* TASK GOAL
Nothing in the copy should be a picture; everything else in the listing is to be restated exactly.

* SUPPLIED DATA
===============
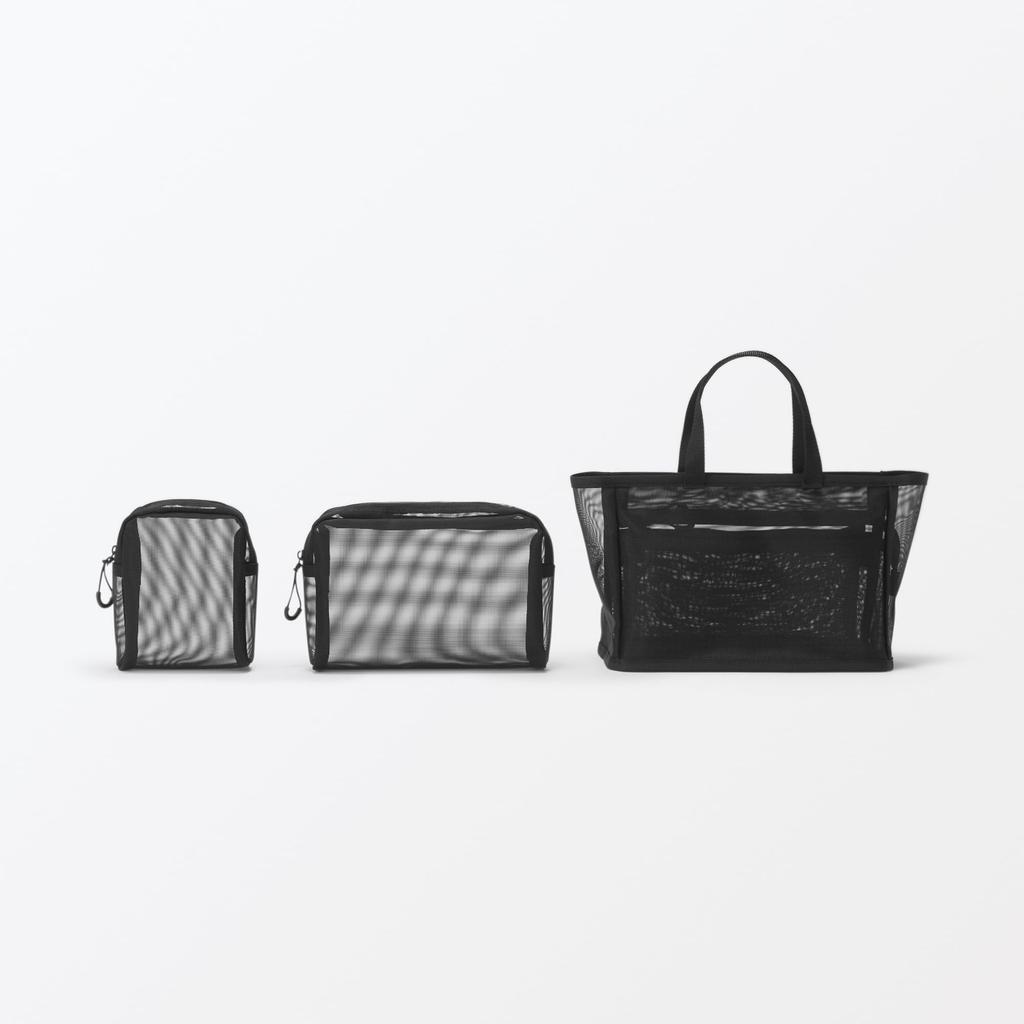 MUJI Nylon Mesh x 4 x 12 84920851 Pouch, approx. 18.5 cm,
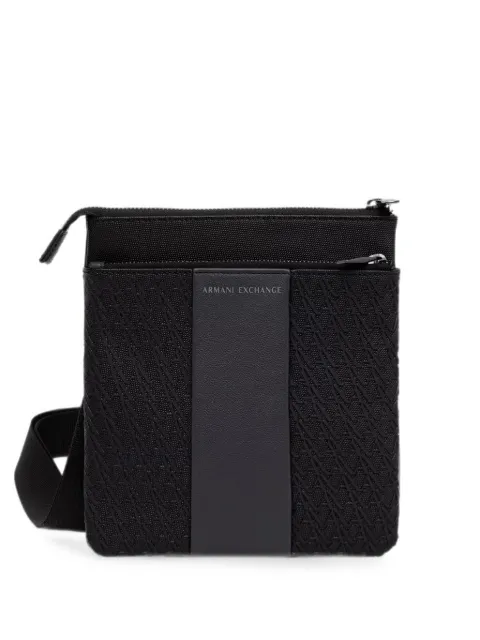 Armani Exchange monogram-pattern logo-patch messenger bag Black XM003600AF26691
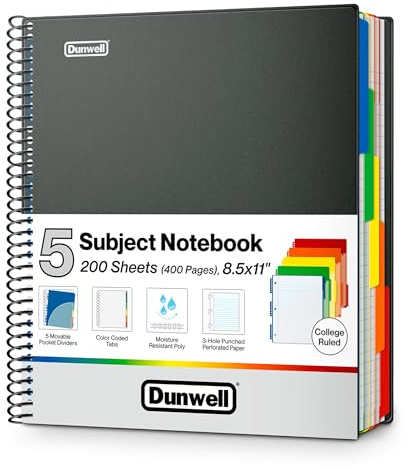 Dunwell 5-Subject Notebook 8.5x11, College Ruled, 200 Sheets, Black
===============
* ANSWER FOR THE TASK
 MUJI Nylon Mesh x 4 x 12 84920851 Pouch, approx. 18.5 cm,
 Armani Exchange monogram-pattern logo-patch messenger bag Black XM003600AF26691
 Dunwell 5-Subject Notebook 8.5x11, College Ruled, 200 Sheets, Black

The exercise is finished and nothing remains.